A Gaussian mixture model is a probabilistic model that assumes all the data points are generated from a mixture of a finite number of Gaussian distributions with unknown parameters. Instead of having an output as cluster no. that a certain sample belongs to, Gaussian mixture model can additionally give an probability of this kind of clustering.

In practice, expectation-maximization (EM) algorithm is often used for fitting mixture-of-Gaussian models.

For better understand the theory of GMM this link could be followed.

For the algorithm realization in Python, follow the sklearn official documentary here. One remark: there are 4 different kinds of covariance matrices that are supported by sklearn (diagonal, spherical, tied and full covariance matrices). Full covariance could get the best results however would significantly increase the calculation load in the same time.

The selection of best no. of components could be done by calculating BIC(Bayesian information criterion)score. Schwarz’s Bayesian Information Criterion (BIC) is a model selection tool. If a model is estimated on a particular data set (training set), BIC score gives an estimate of the model performance on a new, fresh data set (testing set). BIC is given by the formula:

BIC = -2 * loglikelihood + d * log(N), 

where N is the sample size of the training set and d is the total number of parameters. For better understanding of likelihood, refer to link. The lower BIC score signals a better model.

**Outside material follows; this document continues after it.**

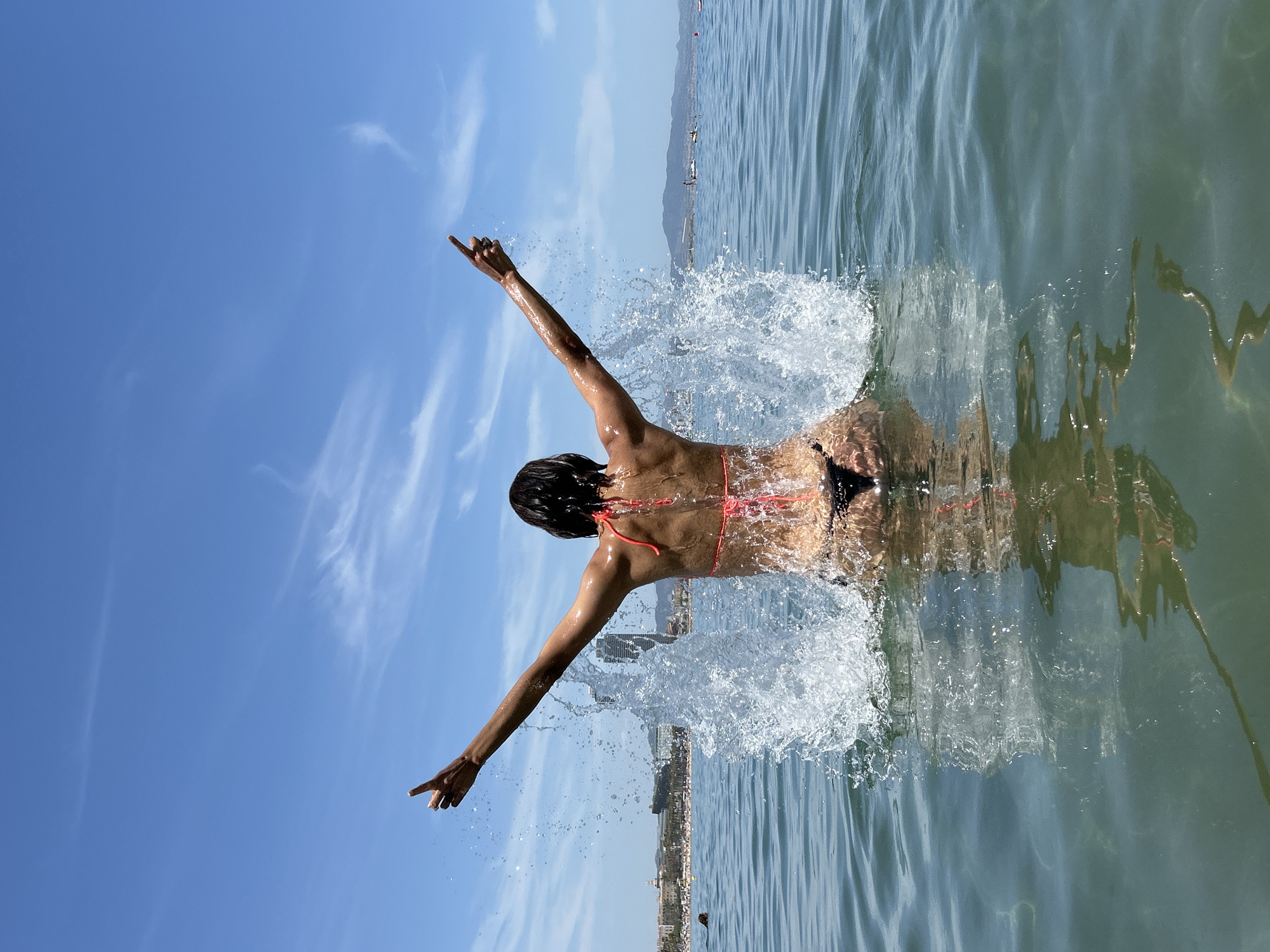 A woman in a black bikini is emerging from the water, creating a large splash. Her arms are raised and extended outwards, and her hands are pointed upwards. The background shows a clear blue sky with wispy clouds, and a city skyline with buildings and a beach. The water is a clear blue-green, with sunlight reflecting on the surface. The location appears to be the Mediterranean Sea, off the coast of Barcelona, Spain.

To use BIC for model selection, we simply chose the model giving smallest BIC over the whole set of candidates. BIC attempts to mitigate the risk of over-fitting by introducing the penalty term d * log(N), which grows with the number of parameters. This allows to filter out unnecessarily complicated models, which have too many parameters to be estimated accurately on a given data set of size N. BIC has preference for simpler models compared to Akaike Information Criterion (AIC).